The issue between the parties is whether, as was claimed for Bullivant Holdings and refuted by the inspector, Bullivant Holdings' acquisitions of the two 25 per cent holdings from Mr Hickman and Mrs Wilde were not in pursuance of bargains at arm's length. The case for Bullivant Holdings in essence is that the two acquisitions were on dictated terms which Mr Hickman and Mrs Wilde were forced to accept in order to secure advantageous sales of shares owned by each of them in Bullman Publishing Ltd to a company called Business Press International Ltd (a subsidiary of Reed International plc). Bullivant Holdings was, as I have mentioned, "connected" with neither Mr Hickman nor Mrs Wilde. The outcome therefore depends essentially on the facts. In Berry v Warnett [1982] BTC 239; 55 TC 92, the issue arose, in circumstances that are not comparable to the present, whether shares had been disposed of and acquired "otherwise than under a bargain made at arm's length" as found in Finance Act 1965 s. 22(4)(a) . The following passage from the judgment of Buckley LJ at 55 TC at p. 124 (which was adopted by Lord Wilberforce when the appeal was heard in the House of Lords ([1982] BTC at p. 242; 55 TC at p. 128) is, however, in point:

It seems to me that the language of sec. 22(4)(a) poses the question whether the acquisition of the asset (in this case the shares and stock) was the subject matter of a bargain between the disponer and the disponee (in this case the taxpayer and the trustees) which was at arm's length. The object of this provision is surely to ensure that market value is treated as the consideration actually given for the disposal of the asset where the circumstances are not such as to demonstrate that a full and fair price was paid for it. The fact that someone other than the disponee can be taken to have paid a full and fair price for something other than the subject matter of the disposal under consideration has no bearing on this.

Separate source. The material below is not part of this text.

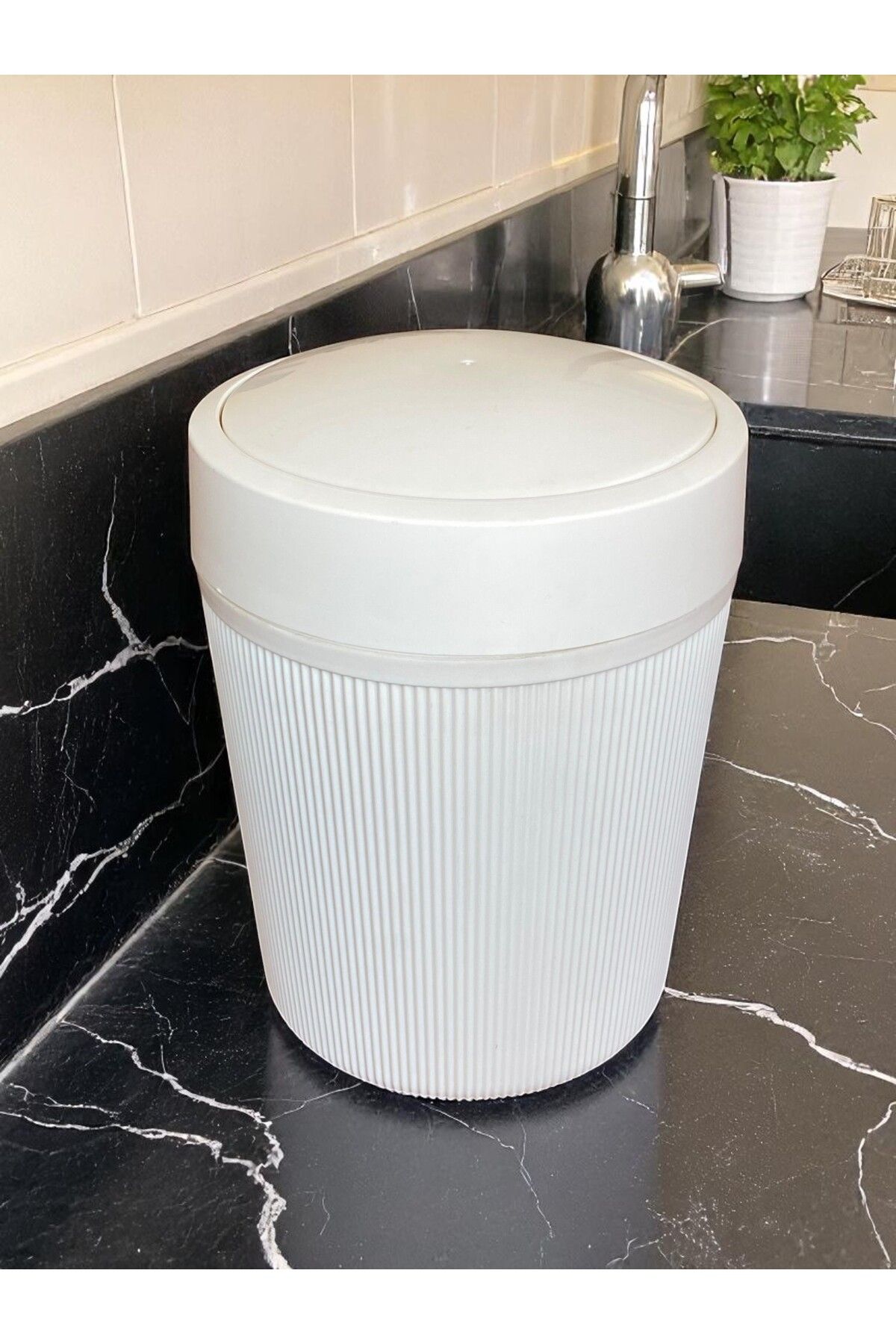 M HOME Beyaz Dönmeli Kapaklı Plastik Çöp Kovası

I heard oral evidence from Mr Christopher Bullivant, director of Bullivant Holdings and a director of HBH and Bullman Publishing. I heard oral evidence from Mr Hickman, a director of Bullman Publishing. I was provided with documentary evidence which included the following:

  1. (2) The option agreement of 26 September 1983.

  2. (3) A clearance application made for the purposes of Income and Corporation Taxes Act 1988 section 707Income and Corporation Taxes Act 1970, s. 464 and Taxation of Chargeable Gains Act 1992 section 138Capital Gains Tax Act 1979, s. 88.

  3. (4) A side letter from Bullivant Holdings to Mr Hickman and Mrs Wilde dated 26 September 1983: this referred to their service agreements for five years at initial salaries of £8,500 (increasing) and contained certain undertakings by Bullivant Holdings designed to protect the positions of Mr Hickman and Mrs Wilde.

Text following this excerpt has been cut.